# Where to Buy Worms for Composting



## Charlie_Little (Feb 25, 2012)

You said..."Keep one thing in mind when purchasing your worms for composting – avoid using Nightcrawlers, or earthworms. They are pretty much the same worm just called different things."

This is not entirely correct. Lumbricus species of nightcrawlers do not make good composting worms. Eisenis hortensis, the European Nightcrawler however makes an excellent composter. 

If you order from Uncle Jim's through Amazon.com be prepared to wait 2 weeks or longer to get them but they are good worms and no pests included.

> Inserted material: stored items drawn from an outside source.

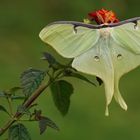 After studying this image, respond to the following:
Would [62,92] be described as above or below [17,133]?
above

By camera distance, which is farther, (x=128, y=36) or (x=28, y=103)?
(x=28, y=103)

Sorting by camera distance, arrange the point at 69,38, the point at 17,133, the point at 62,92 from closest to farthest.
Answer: the point at 69,38
the point at 17,133
the point at 62,92

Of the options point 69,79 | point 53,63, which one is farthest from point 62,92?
point 69,79

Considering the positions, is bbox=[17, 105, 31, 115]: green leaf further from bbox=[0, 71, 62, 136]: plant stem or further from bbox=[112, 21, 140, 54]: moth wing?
bbox=[112, 21, 140, 54]: moth wing

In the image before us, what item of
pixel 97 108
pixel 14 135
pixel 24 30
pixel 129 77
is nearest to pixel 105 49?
pixel 14 135

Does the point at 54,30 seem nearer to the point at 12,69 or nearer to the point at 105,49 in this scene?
the point at 105,49

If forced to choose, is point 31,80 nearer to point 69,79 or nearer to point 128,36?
point 128,36

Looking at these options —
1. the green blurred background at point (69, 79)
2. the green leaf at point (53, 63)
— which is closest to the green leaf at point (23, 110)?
the green leaf at point (53, 63) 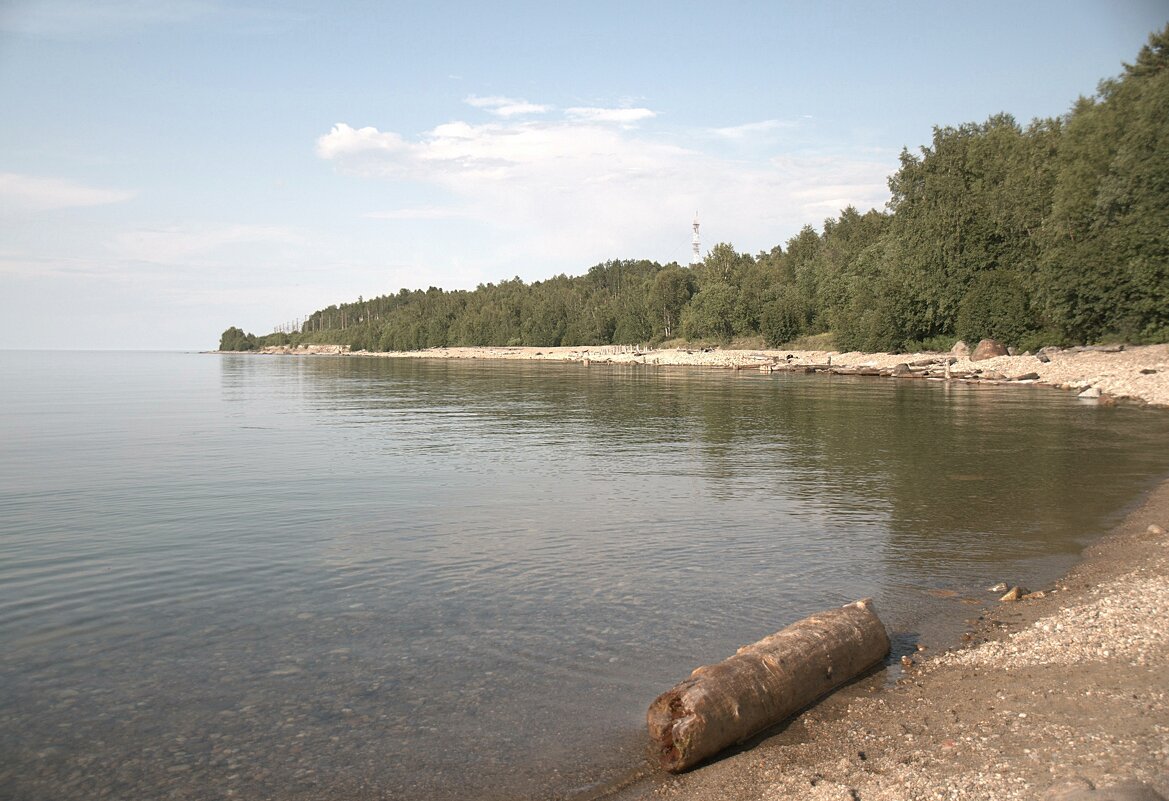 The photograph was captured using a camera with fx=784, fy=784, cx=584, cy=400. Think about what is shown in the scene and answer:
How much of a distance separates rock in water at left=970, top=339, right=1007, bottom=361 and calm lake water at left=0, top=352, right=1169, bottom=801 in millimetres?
46287

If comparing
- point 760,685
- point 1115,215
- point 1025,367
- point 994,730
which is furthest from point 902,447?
point 1115,215

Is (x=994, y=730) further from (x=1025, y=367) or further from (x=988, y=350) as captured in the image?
(x=988, y=350)

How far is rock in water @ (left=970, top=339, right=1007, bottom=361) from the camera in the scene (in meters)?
73.9

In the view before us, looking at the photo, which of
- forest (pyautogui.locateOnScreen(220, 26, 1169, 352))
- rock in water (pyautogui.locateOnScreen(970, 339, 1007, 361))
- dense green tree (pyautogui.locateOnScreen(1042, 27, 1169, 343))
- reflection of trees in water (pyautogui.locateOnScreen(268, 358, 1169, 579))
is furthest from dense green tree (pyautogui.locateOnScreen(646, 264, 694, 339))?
reflection of trees in water (pyautogui.locateOnScreen(268, 358, 1169, 579))

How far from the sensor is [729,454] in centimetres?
2753

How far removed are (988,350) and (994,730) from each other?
75.6 m

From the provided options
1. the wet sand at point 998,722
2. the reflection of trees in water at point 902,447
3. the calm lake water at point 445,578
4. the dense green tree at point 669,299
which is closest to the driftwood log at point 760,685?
the wet sand at point 998,722

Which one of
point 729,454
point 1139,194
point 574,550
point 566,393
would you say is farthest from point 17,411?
point 1139,194

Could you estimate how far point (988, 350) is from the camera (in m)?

All dealers considered, I believe they all are charging way too much for worms. I know what goes into raising them so they can say what they want. The worm industry is a big rip-off. 

That's my mind!

Charlie Little


----------



## Tee (Mar 26, 2009)

Hi Charlie - thanks so much for your input on the differences between good composting worms. I have ordered from Uncle Jim's via Amazon without any problems that's why I recommended them. Yes, composting worms can be a bit expensive that's why I mentioned bait shops as a possible resource (given they offer the right worms) for gardeners that might be on a tighter budget.


----------



## Ruth_Ann_Landis (Mar 26, 2012)

Ouch! We don't raise worms for resale but have worm beds for producing vermicompost. Sorry that you feel that the worm industry is a rip-off. I also know what it takes to raise worms and produce quality vermicompost. Everything is relative. You can pay $40.00 to sit and watch a sporting event and walk away happy. You can invest in worms and castings and reap the benefits from both for a long time.


----------



## Marsha2 (Apr 6, 2012)

Tee,

I have a lot of worms in areas where I have used compost in the past. Maybe these worms will work for my new compost. How can I tell whether my worms are red wigglers?


----------